Print the whole listing exactly as it appears, but skip the pictures.

THE DATA >>
-- Opening Marker --
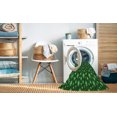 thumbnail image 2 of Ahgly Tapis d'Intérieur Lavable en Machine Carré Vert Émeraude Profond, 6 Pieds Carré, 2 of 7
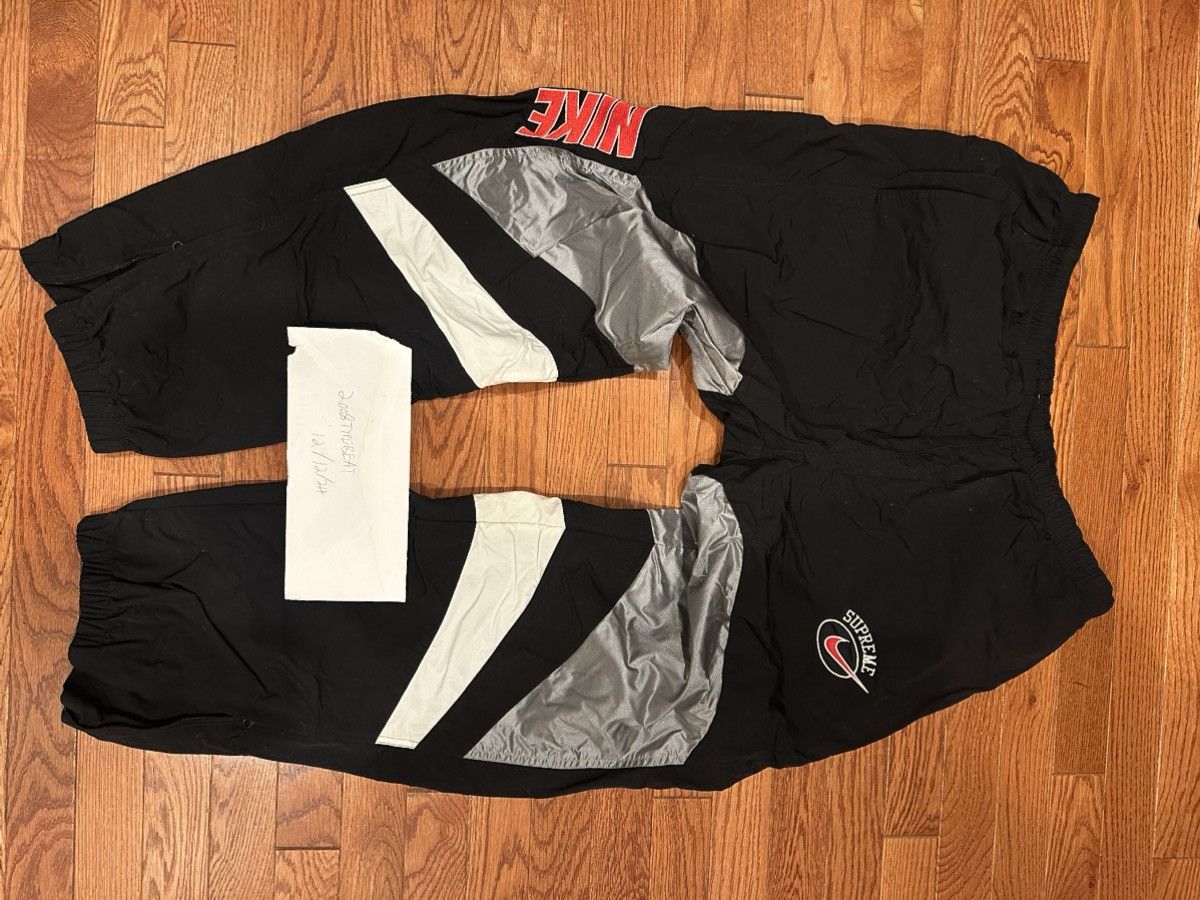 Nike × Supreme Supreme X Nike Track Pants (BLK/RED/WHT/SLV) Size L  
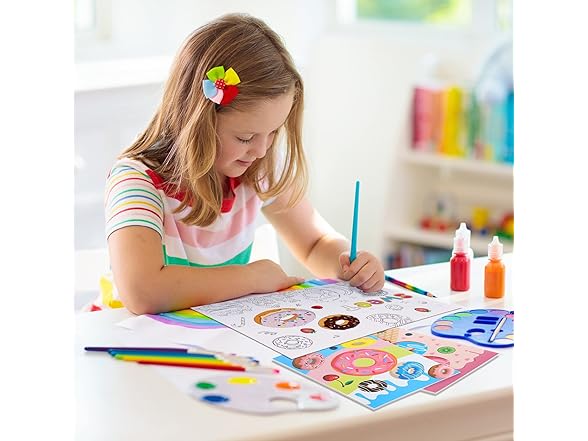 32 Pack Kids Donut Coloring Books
-- Closing Marker --
OUTPUT FOR THIS TASK >>
 thumbnail image 2 of Ahgly Tapis d'Intérieur Lavable en Machine Carré Vert Émeraude Profond, 6 Pieds Carré, 2 of 7
 Nike × Supreme Supreme X Nike Track Pants (BLK/RED/WHT/SLV) Size L  
 32 Pack Kids Donut Coloring Books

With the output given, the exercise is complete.